El Diario Vasco, 1956-10-21

 

«Es estúpido decir que la mayoría de la gente es estúpida». (CHESTERTON).

 

    Suele hablarse con frecuencia del «hombre medio», el «español medio», el «francés medio», atribuyéndoles determinadas cualidades y fundando toda suerte de previsiones y de cálculos sobre su modo de ser y de proceder.

    Cabe preguntarse acerca de esta categoría del ser: el ser del «hombre medio». ¿Qué es, en definitiva, el hombre medio?

    Empecemos por decir que el hombre medio no existe. Nadie es «hombre medio». Nadie puede serlo ni lo será jamás. Se trata de un simple ente de razón, un producto de la abstracción, incapaz de existencia, como lo son el punto geométrico y la línea recta. Puestos a definir al hombre medio, diríamos que es un ser estadístico al que se atribuye un comportamiento humano que responde exactamente a las medias sociológicas y a los índices más frecuentes de una colectividad humana determinada.

    Tiene justamente las dimensiones tipo, atribuibles al grupo humano al que pertenece.
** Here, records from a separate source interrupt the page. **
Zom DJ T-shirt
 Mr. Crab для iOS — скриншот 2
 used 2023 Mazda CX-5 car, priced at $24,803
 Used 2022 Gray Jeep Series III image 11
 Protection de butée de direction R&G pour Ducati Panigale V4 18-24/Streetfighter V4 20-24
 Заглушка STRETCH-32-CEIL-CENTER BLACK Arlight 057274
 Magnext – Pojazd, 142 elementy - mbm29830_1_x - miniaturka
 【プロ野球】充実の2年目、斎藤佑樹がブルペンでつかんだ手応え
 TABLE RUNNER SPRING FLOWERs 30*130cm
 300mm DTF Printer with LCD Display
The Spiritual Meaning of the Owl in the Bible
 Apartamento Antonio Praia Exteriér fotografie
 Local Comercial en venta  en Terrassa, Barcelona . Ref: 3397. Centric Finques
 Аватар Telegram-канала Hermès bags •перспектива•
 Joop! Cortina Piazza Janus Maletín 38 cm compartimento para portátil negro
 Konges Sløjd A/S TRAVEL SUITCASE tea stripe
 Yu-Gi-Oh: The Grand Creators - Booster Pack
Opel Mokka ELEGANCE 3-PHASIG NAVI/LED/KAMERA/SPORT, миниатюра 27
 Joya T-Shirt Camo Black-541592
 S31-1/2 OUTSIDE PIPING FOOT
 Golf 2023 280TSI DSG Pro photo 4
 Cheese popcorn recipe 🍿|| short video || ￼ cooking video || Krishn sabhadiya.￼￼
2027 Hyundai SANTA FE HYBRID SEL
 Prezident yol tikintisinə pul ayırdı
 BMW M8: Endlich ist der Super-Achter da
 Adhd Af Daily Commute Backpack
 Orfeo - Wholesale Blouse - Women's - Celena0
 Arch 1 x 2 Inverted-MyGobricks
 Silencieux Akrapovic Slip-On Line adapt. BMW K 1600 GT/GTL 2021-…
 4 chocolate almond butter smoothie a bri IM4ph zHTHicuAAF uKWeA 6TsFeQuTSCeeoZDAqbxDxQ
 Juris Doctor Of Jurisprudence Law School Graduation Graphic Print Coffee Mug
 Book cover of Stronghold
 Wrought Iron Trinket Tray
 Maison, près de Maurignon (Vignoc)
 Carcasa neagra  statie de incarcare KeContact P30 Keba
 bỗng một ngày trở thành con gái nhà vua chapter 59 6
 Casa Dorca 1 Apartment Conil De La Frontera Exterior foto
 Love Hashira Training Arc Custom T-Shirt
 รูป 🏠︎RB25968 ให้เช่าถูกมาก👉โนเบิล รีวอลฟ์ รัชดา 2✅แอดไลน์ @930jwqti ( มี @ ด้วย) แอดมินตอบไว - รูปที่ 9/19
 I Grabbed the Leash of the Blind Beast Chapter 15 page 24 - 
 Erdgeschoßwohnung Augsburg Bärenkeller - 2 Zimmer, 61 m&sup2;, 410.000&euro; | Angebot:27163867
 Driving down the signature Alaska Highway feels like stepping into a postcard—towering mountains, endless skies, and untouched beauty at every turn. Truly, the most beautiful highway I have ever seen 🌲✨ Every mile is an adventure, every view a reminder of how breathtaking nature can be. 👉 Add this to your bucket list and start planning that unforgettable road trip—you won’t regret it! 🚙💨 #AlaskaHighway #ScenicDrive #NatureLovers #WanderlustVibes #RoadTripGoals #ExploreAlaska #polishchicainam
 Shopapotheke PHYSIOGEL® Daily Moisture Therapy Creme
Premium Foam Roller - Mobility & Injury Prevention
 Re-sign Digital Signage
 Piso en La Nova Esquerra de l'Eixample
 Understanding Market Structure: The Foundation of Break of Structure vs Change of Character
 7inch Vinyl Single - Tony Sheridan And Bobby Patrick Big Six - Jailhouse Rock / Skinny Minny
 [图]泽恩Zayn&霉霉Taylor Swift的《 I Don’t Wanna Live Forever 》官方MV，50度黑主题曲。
No es, por tanto, ni más alto ni más bajo, ni más gordo ni más flaco, más pálido o más rubicundo que el común de sus prójimos.

    No tiene gustos especiales, no se singulariza ni descuella en nada. Si es estúpido, no lo es excesivamente en relación con los demás. Se deja conformar perfectamente por el medio en que vive. Es, pues, un conformista esencial.

    Carece de instintos propios: sus pasiones se dosifican de acuerdo con los índices sociológicos medios, en perfecto equilibrio con las costumbres del conjunto de sus congéneres. No da que hablar. No comete delitos visibles ni crímenes importantes. Asiste regularmente a los espectáculos. Lee el periódico 4,27 días por semana, es decir, 61 veces cada cien días. Se le encuentra siempre mezclado con las muchedumbres, allí donde haya masas. Es un ser multitudinario.

    No habla sino tópicos y lugares comunes. Es un hombre bastante ordenado, aunque no en exceso, por aquello de «nihil nimis», «de nada demasiado». No es demasiado malo ni demasiado bueno. No es héroe ni traidor. No es santo ni apóstata. No es hereje, a menos que no lo sean la mayoría de sus conciudadanos.

    No acostumbra a asesinar a su mujer, ni suele dejar a sus niños abandonados en la calle las noches de nieve más que 0,0034 días cada diez años. Se emborracha 0,09 días por semana y, en algunos países, va a misa 0,65 días por semana. No estafa al fisco más que el 76 por 100 de los impuestos legales. Es el tipo acabado del hombre masa.

    Aunque no existe, es un hombre muy importante porque todo se hace en la sociedad en atención a sus gustos y a sus necesidades: los transportes, las horas de los espectáculos, los servicios públicos, el comercio, la propaganda... Todas estas y otras muchas cosas son, en efecto, concebidas y calculadas en función del hombre medio.

    Del hombre medio puede pensarse muy diversamente: lo mismo cabe considerarle como un individuo muy juicioso y cabal, un hombre sensato, «que no da guerra», como un imbécil, un completo idiota, carente de toda personalidad. Yo me inclino de preferencia por esta segunda hipótesis.

    Afortunadamente, el hombre medio no existe. Sería horrible ser hombre medio. Se moriría uno de hastío y de asco de sí mismo.

    Pero sí existen, por desgracia, muchos, muchísimos hombres, que adoptan como modelo la vida del hombre medio. Son los «vicentes» que van, o procurar ir, donde van las gentes. Cuando un pueblo adopta como ejemplo y modelo al hombre medio, ese pueblo está históricamente perdido.

    Podrá mi opinión parecer aventurada, pero yo pienso que, si para que haya héroes y santos, tienen que existir traidores y demonios, «oportet haeresses esse». Mejor es que los haya.